Pan-Cancer Detection and Typing by Mining Patterns in Large Genome-Wide Cell-Free DNA Sequencing Datasets

Background Cell-free DNA (cfDNA) analysis holds great promise for non-invasive cancer screening, diagnosis, and monitoring. We hypothesized that mining the patterns of cfDNA shallow whole-genome sequencing datasets from patients with cancer could improve cancer detection. Methods By applying unsupervised clustering and supervised machine learning on large cfDNA shallow whole-genome sequencing datasets from healthy individuals (n = 367) and patients with different hematological (n = 238) and solid malignancies (n = 320), we identified cfDNA signatures that enabled cancer detection and typing.
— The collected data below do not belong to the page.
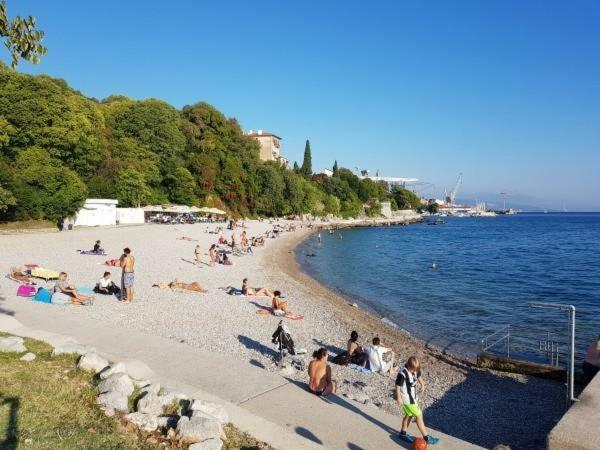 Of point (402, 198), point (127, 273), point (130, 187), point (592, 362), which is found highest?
point (402, 198)

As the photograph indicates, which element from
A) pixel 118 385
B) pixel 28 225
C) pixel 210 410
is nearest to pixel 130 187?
pixel 28 225

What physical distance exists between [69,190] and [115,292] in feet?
91.8

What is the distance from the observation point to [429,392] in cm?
1012

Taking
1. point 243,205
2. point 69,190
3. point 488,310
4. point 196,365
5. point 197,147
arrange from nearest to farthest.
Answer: point 196,365
point 488,310
point 69,190
point 197,147
point 243,205

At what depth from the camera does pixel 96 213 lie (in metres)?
45.1

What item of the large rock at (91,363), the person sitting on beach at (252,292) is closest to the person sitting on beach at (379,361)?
the large rock at (91,363)

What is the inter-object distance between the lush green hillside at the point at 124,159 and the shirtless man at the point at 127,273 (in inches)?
920

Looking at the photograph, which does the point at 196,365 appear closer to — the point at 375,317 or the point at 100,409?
the point at 100,409

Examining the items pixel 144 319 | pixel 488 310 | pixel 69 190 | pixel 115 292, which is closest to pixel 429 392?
pixel 144 319

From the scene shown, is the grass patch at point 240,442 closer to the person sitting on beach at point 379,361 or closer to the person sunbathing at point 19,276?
the person sitting on beach at point 379,361

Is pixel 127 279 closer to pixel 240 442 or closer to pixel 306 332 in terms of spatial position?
pixel 306 332

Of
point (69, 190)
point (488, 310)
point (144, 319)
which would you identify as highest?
point (69, 190)

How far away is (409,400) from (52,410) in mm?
4934

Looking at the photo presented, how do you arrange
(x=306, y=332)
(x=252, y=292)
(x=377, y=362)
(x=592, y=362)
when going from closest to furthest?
(x=592, y=362) → (x=377, y=362) → (x=306, y=332) → (x=252, y=292) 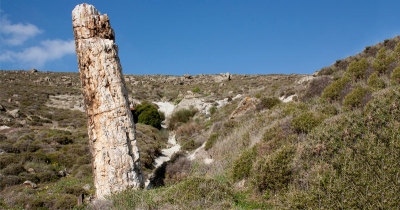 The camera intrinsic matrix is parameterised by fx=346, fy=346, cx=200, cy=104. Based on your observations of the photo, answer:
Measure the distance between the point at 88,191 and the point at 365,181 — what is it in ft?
33.4

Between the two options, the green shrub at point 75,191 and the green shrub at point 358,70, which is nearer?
the green shrub at point 75,191

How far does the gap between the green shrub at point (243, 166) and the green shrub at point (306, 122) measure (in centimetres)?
159

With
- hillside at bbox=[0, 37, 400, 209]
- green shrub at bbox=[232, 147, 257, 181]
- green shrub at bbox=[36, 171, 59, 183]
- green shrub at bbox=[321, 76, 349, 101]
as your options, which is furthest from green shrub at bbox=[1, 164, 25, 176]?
green shrub at bbox=[321, 76, 349, 101]

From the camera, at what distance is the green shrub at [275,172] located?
7.50m

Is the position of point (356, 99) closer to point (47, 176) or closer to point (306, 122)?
point (306, 122)

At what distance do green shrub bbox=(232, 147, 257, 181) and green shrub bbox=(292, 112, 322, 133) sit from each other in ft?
5.22

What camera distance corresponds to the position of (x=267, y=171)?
7703 mm

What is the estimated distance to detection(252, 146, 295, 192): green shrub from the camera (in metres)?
7.50

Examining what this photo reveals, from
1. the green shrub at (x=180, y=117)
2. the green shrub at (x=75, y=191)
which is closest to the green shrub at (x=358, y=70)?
the green shrub at (x=75, y=191)

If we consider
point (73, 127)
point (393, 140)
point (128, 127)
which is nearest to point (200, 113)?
point (73, 127)

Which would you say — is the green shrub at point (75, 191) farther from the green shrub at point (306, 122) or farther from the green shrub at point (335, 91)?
the green shrub at point (335, 91)

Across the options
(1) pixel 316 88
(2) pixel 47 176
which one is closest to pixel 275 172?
(1) pixel 316 88

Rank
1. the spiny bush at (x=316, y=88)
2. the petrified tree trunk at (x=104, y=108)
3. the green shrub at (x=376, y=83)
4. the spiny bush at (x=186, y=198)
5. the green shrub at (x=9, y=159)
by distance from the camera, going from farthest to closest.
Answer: the spiny bush at (x=316, y=88) < the green shrub at (x=9, y=159) < the green shrub at (x=376, y=83) < the petrified tree trunk at (x=104, y=108) < the spiny bush at (x=186, y=198)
Results Unsupervised clustering revealed cancer type-specific sub-grouping. Classification using a supervised machine learning model yielded accuracies of 96% and 65% in discriminating hematological and solid malignancies from healthy controls, respectively. The accuracy of disease type prediction was 85% and 70% for the hematological and solid cancers, respectively. The potential utility of managing a specific cancer was demonstrated by classifying benign from invasive and borderline adnexal masses with an area under the curve of 0.87 and 0.74, respectively. Conclusions This approach provides a generic analytical strategy for non-invasive pan-cancer detection and cancer type prediction.

Automated summary

This study demonstrates the potential of using cfDNA analysis for non-invasive cancer detection and typing. The researchers identified cfDNA signatures that accurately discriminated between different types of cancers and healthy controls. This approach provides a generic analytical strategy for pan-cancer detection.